Ser tolerante não é ser tolo

Jornal O Norte
08/11/2005 às 12:51.
Atualizado em 15/11/2021 às 08:54

Ken O'Donnell *

Nós precisamos deixar de registrar coisas ruins que nos deixam sensíveis. Temos que registrar as coisas boas e não as coisas ruins.

Há uma história de dois comerciantes do deserto. Um chama-se Abu e o outro Salim. Um dia eles estavam com sua caravana de camelos atravessando um rio e começou uma enchente e em pouco tempo o rio começou a encher e eles já estavam atravessando. A enxurrada veio e levou os dois para uma turbulência e imediatamente Abu saltou de seu camelo e salvou Salim, que estava em apuros, levando-o para a margem.

Salim ficou tão agradecido que queria registrar o fato. Ele gravou na rocha ali uma mensagem. Eles continuaram a fazer seus negócios e a atravessar o deserto de um lado para o outro. Alguns meses depois, naquele mesmo lugar, eles estavam conversando e um dos camelos estava com dificuldades. Eles começaram a brigar, e a briga ficou feia. Depois, mais feia ainda. E eles estavam perto daquela gravação na pedra. Então, Abu disse:

- Nós não podemos brigar assim.

Eles se perdoaram entre si e Salim disse:

- Foi você quem começou a briga, mas você também foi o primeiro a reconhecer que estava errado. Eu vou registrar o fato.

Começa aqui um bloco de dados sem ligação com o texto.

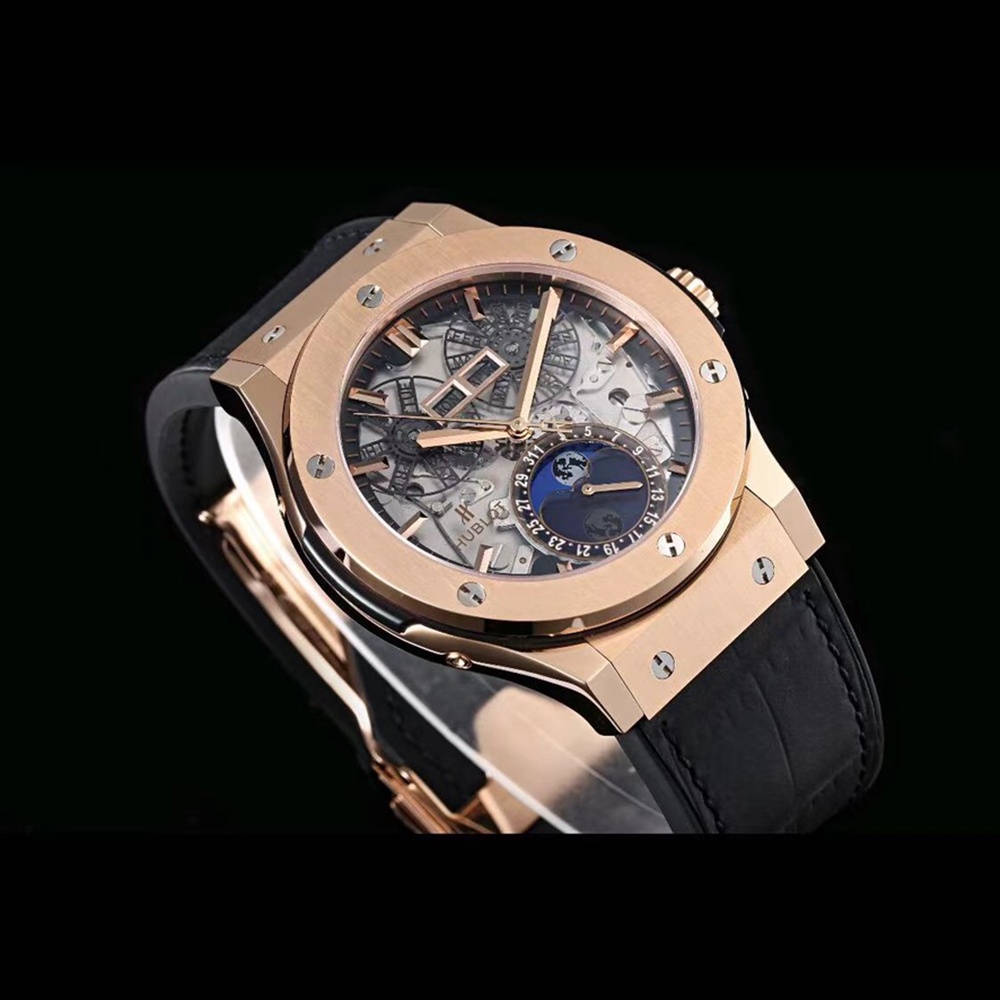 [위블로]  HUBLOT CLASSIC FUSION AEROFUSION MOONPHASE REF. 517.CX.0170 - 위블로 클래식 퓨전 에어로퓨전 문페이즈 33/38/42/45mm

E escreveu na areia. Então Abu perguntou:

- Por que você não escreveu na pedra como da primeira vez?

Ao que Salim respondeu:

- Não. Eu não quero me lembrar disso. Só quero me lembrar daquela gravação.

- Então, temos que gravar coisas boas e não gravar coisas ruins. Se você grava coisas boas e coisas não tão boas, você deixa pra lá, você vai ter um acervo de coisas boas depois de algum tempo. Eu tenho que ver o benefício e não o malefício. Tudo é benéfico, mas eu tenho que treinar para enxergar o benefício. E não registrar coisas ruins. Aconteceu, aconteceu. Houve milhares de influência para que aquilo acontecesse. Se gravo coisas ruins é porque o intelecto é de pedra e não um intelecto divino, como deveria ser. Aconteceu, deixo pra lá e pronto.

Essa consciência natural de que temos uma origem comum, temos o direito de sermos diferentes e eu preciso ter uma régua das coisas boas dentro de mim. Isso me ajuda a passear pelo mundo e as provas são vistas como pontes e não como muros.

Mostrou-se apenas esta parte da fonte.